REQUIRED ACTION:
Would you filter these records and copy every line that has the word "bracelet"?
*** Opening DATA LISTING ***
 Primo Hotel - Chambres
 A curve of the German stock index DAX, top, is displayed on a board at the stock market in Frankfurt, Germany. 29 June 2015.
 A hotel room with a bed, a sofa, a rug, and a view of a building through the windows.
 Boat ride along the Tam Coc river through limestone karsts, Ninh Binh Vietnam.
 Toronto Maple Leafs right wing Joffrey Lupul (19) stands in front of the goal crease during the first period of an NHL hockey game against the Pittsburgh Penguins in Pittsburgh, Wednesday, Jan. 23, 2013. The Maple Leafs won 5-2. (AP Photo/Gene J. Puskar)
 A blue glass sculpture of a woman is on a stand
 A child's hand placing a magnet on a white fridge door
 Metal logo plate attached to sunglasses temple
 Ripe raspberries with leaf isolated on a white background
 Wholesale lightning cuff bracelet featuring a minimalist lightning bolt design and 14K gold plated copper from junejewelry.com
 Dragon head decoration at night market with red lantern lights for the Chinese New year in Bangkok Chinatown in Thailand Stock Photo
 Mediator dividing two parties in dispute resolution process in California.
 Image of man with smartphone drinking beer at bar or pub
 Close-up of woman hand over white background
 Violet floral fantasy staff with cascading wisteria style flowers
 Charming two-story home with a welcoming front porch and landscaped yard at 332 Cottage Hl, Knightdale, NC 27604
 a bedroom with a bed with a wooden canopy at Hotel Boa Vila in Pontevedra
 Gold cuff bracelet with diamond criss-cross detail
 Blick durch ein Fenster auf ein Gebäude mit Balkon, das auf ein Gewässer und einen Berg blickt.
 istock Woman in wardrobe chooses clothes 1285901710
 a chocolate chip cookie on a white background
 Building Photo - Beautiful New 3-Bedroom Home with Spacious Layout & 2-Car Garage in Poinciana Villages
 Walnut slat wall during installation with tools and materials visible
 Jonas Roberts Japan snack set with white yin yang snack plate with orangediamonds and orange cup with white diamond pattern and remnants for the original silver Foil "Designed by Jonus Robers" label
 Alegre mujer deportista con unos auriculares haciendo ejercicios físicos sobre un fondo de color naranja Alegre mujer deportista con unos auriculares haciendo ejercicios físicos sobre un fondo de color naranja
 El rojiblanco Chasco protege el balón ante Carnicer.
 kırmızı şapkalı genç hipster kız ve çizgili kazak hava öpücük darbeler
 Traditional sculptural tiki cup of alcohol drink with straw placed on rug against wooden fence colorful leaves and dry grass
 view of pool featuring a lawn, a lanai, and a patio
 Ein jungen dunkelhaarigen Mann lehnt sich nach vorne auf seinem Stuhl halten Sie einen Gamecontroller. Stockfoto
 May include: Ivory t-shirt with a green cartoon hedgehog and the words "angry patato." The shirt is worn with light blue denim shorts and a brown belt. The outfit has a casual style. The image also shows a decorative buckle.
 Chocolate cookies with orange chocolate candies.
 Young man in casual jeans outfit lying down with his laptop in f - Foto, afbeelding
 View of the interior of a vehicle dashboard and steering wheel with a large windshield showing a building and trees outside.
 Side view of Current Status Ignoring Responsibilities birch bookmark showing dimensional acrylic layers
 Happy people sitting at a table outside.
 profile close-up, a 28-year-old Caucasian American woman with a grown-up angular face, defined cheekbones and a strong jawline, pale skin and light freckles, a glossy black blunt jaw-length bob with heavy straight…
*** Closing DATA LISTING ***
TASK RESULT:
 Wholesale lightning cuff bracelet featuring a minimalist lightning bolt design and 14K gold plated copper from junejewelry.com
 Gold cuff bracelet with diamond criss-cross detail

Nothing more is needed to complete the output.